Syria is not only supporting the Baathist element of the insurgency, but is also supporting
Al-Qaeda, which has disregarded its theological differences with both the Syrian and Iraqi Baathists in order to destabilize the region. The Italian press has reported that in June, Sheikh Issa al-Masri, a high-level Al-Qaeda terrorist, left Pakistan and arrived in Syria via Iran. He is currently in Damascus, protected by Syrian intelligence, and is suspected of having a role in the twin bombings...
(Excerpt) Read more at frontpagemag.com ...
I said all along the key to ending the insurgency in Iraq was to hit Syria and hit them hard. Then maybe they’d think twice about being a transit and staging ground for terrorists. But we won’t. So people die because Obama needs to be worshipped.
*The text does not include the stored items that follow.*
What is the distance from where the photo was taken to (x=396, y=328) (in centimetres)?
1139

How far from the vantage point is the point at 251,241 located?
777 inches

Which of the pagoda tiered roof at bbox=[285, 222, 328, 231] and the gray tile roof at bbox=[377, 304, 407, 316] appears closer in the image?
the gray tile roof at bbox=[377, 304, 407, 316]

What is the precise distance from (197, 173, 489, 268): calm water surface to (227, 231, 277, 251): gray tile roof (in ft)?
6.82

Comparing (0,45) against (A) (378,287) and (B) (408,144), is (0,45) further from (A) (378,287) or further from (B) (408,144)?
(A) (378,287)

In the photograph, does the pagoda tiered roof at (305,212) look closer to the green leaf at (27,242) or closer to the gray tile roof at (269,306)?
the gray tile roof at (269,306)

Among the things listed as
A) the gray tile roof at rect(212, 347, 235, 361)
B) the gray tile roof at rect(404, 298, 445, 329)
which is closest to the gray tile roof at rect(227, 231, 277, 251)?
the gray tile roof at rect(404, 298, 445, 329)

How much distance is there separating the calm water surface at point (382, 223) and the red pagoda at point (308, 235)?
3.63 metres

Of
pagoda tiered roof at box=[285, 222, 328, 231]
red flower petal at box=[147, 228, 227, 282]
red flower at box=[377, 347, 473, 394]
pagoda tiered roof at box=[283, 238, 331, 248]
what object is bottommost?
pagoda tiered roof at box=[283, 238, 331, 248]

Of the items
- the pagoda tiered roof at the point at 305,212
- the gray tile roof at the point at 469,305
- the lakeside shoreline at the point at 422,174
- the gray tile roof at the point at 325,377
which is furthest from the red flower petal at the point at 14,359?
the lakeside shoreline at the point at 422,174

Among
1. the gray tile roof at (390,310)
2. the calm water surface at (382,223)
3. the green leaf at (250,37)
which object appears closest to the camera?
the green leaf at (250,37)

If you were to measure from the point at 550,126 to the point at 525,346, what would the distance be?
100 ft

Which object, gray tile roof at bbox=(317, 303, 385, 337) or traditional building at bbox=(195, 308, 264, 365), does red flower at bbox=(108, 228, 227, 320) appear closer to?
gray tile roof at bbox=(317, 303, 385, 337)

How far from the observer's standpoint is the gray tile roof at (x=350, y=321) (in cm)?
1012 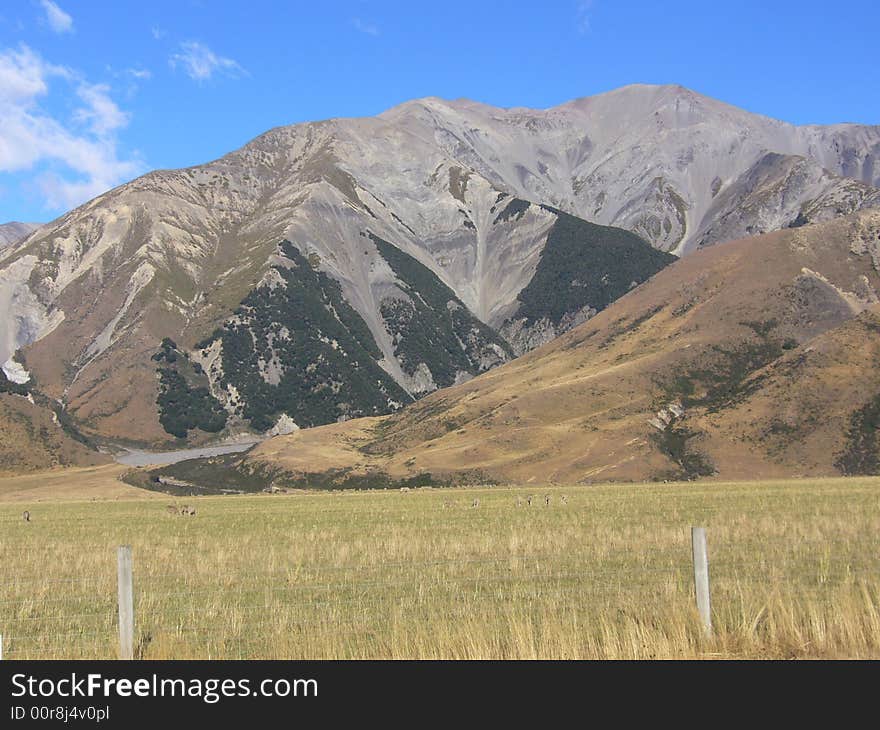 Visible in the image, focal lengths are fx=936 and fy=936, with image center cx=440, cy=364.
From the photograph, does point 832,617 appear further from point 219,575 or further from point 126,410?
point 126,410

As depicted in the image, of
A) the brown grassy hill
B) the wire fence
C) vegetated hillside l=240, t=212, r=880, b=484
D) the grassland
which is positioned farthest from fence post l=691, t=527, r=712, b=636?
the brown grassy hill

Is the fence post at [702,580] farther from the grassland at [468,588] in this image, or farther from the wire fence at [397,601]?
the wire fence at [397,601]

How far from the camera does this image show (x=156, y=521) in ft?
164

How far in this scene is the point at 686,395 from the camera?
359ft

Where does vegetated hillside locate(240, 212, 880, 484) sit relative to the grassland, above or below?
above

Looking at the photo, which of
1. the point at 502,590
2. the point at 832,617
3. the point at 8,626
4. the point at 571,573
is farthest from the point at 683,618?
the point at 8,626

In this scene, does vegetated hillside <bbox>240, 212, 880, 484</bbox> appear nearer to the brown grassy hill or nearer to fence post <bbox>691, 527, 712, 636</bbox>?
the brown grassy hill

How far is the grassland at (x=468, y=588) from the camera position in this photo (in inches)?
532

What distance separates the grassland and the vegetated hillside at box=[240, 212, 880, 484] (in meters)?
55.8

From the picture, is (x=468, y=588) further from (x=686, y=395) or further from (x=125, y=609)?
(x=686, y=395)

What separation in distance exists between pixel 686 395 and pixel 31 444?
8702 centimetres

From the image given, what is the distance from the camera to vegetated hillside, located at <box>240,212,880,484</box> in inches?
3666

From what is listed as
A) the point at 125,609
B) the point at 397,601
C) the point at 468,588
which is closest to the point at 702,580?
the point at 397,601

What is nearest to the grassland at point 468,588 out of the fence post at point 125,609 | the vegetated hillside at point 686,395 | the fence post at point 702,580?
the fence post at point 702,580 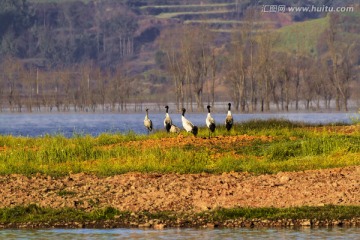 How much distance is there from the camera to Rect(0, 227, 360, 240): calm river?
2039cm

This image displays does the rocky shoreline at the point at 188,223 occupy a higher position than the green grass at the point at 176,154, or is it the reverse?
the green grass at the point at 176,154

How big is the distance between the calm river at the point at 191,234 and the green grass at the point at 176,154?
6807mm

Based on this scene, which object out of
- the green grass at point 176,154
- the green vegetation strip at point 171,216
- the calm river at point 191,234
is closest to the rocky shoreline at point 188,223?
the green vegetation strip at point 171,216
This is better described as a Shi’ite v. Sunni conflict, hence Maliki as shut down opponents of the Shi’ite Iranian government while he is saber rattling against the Ba’athist secular (though Sunni controlled) regime in Damascus.
The Syrian regime comes out of the Alawite minority in Syria which is a sect of Shia, not Sunni, Islam. From Wikipedia “ Alawis are self-described Shi’i Muslims, and have been called Shia by other sources[6][7] including the highly influential Lebanese Shia cleric Musa al-Sadr of Lebanon.[14] On the other hand, conservative Sunnis do not always recognize Alawi as Muslims.” Remember, Assad’s father Hafez wiped out something like 10,000 Sunnis during a rebellion in Northern Syria in the early 80s.
Thanks for the useful information. As Johnny Carson once said, “I did not know that.”